Florida election officials on Thursday ordered a hand recount of ballots in the closely fought U.S. Senate race between Democratic incumbent Bill Nelson and his Republican challenger, Governor Rick Scott, after a machine recount showed them divided by a razor-thin margin.
n another tight contest, Republican Ron DeSantis appeared to secure the Florida governor’s seat against Democrat Andrew Gillum when the electronic recount showed DeSantis with an 0.41 percentage point lead, outside the threshold to trigger further recount.
Under state law, the Florida Department of State must trigger a manual recount if an electronic recount of ballots finds a margin of victory less than 0.25 percent.
Gillum, who initially conceded on election night but then reversed course, signaled that he had not yet given up.
In the Senate race, Nelson trailed Scott by about 12,600 votes, or 0.15 percent of the more than 8 million ballots cast following an electronic recount of ballots in the Nov. 6 election, the state said.

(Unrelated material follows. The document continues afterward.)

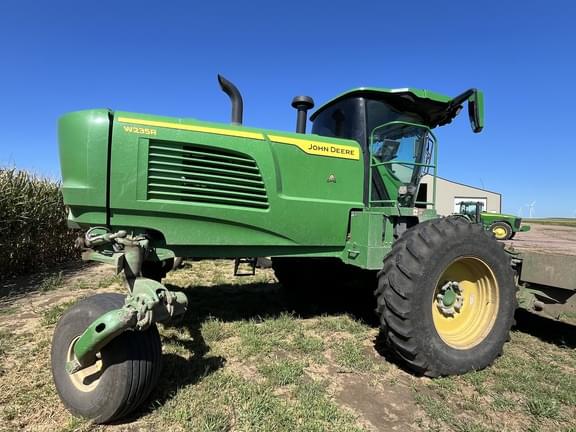Image of John Deere W235R equipment image 3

The electronic recount suffered glitches as liberal-leaning Palm Beach County failed to complete the process by Thursday’s deadline due to machine problems. Nelson’s team said it had filed a lawsuit seeking a hand recount of all ballots in the county.
In the next stage of the recount, Florida counties face a deadline of noon E.T. on Sunday to submit their election results – including a manual recount of undervotes or overvotes, cases where the machine that reviewed the ballot concluded a voter had skipped a contest or marked more than one selection.
If the voter’s intentions are clear on review by a person, the ballot could be counted.
Overall control of the U.S. Senate is not at stake in the Florida race. President Donald Trump’s fellow Republicans held their majority in the chamber while Democrats took a majority in the House of Representatives.